Figure 3 illustrates the ontology development lifecycle adopted for Onto-MS. It encompasses all the essential stages and highlights the cyclic and iterative nature of the development process. The cyclic aspect indicates that development is continuous, with each cycle building upon the previous one. In contrast, the iterative nature implies that certain steps should be repeated to achieve high quality and robustness. However, not all stages in the lifecycle are equally iterative. Stages such as ontology design, knowledge analysis, reusing concepts, and evaluation may occur frequently, whereas defining the domain, scope, and requirements typically happens less often. It is crucial to recognize when to conclude the development process, as excessive cycles and iterations can lead to unnecessary complexity, potentially reducing the ontology’s acceptance among its intended audience. Therefore, it is essential to ensure that the ontology maintains its ease of use for users.

Ontology development lifecycle followed in Onto-MS, highlighting key stages such as domain definition, modeling strategy, implementation, evaluation, and refinement.

5.2. Ontology transformation to ELN (i.e., Kadi4Mat)

To construct a knowledge graph based on the developed ontology (ontology instantiation), Onto-MS is converted into Kadi4Mat resources.

Two primary types of Kadi4Mat resources have been utilized in this work: records and collections. In Kadi4Mat, a record is the fundamental building block and represents any type of digital or digitized object, such as research data, experimental setups, or individual processing steps. Each record is described using structured metadata that captures essential information about the entity in question. The record can be logically linked to other records, thereby supporting traceability and providing context.

In contrast, a collection is used to group multiple records. This enables related data entries, such as those belonging to a single experiment or simulation workflow, to be organized into a coherent and manageable unit (Brandt et al. 2021).

This conversion was carried out by using a custom Python script that leverages RDFlib (a Python library for parsing RDF data and executing SPARQL queries) (RDFLib documentation, 2025) and Kadi-APY (which serves as an interface to the Kadi4Mat platform). The complete script is available on Zenodo (Noman, 2024). Key steps in the script are outlined below.

Loading the ontology: The Turtle-formatted (.ttl) ontology file is parsed using the RDFlib graph object. The script identifies the main IRI of the ontology, which serves as a reference point for subsequent processing.

# See script on Zenodo for full implementation

graph = Graph ()

graph.parse (“OntoMS.ttl”, format=”ttl”)

main_iri = graph.value(predicate=RDF.type, object=OWL.Ontology)

Extracting names and descriptions: Once the ontology is loaded (step 1), two helper functions are defined to generate human-readable titles and descriptions for Kadi4Mat resources.

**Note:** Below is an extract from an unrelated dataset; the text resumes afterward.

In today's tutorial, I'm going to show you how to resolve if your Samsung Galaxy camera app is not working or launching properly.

get_resource_name selects the first available property to use as the resource name in Kadi4Mat. The selection is done in the following order of priority: SKOS prefLabel > RDFS label > DCT title > IRI fragment.

get_resource_description populates the description field of records and collections by selecting the first available property, prioritizing SKOS definition > RDFS comment > DCTERMS description > legacy DC description.

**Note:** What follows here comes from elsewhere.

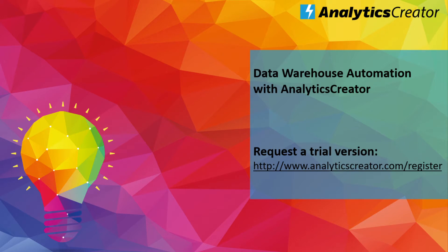Before we get started, we'll first need to download and install the software. To request a trial version, simply go to analyticscreator.com/register.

By following this approach, the script ensures that each record and collection in Kadi4Mat is annotated with meaningful metadata, as specified by the ontology.

Name = get_resource_name (graph, entity)

Description = get_resource_description (graph, entity)

Building on this metadata extraction, the next step involves querying restrictions defined in the ontology.

Querying ontology restrictions: All OWL subclass restrictions are retrieved through a SPARQL query. These restrictions include existential (someValuesFrom), universal (allValuesFrom), minimum cardinality (minQualifiedCardinality), maximum cardinality (maxQualifiedCardinality), and exact cardinality (qualifiedCardinality). The query returns subclass-property-value triples, ensuring that all semantic constraints on subclasses defined in the ontology are available for constructing a knowledge graph in kadi4mat.

Restrictions = graph.query(“…SPARQL query capturing all restrictions…”)

Creating Kadi4Mat records and collections: At this step, the script establishes a connection with a chosen kadi4Mat instance (here: demo instance) using the kadi-apy library. This setup enables interaction with the Kadi4Mat programmatically.

manager = KadiManager(instance=”demo_instance”)

The function create_KGs first creates a collection whose title and description are sourced from the ontology (using the name and description variables from step 2). It then iterates over subclass-property-value triples to create kadi4Mat resources. This systematic procedure transforms ontology classes into interconnected Kadi4Mat records within a collection.

def create_KGs(suffix=”X”):

# 1. Create a collection

collection = manager.collection (“collection parameters”)

For each subclass–property–value triple:

# 2. Create records for the subclass and the value class

record_1 = manager.record (“record parameters”)

record_2 = manager.record (“record parameters”)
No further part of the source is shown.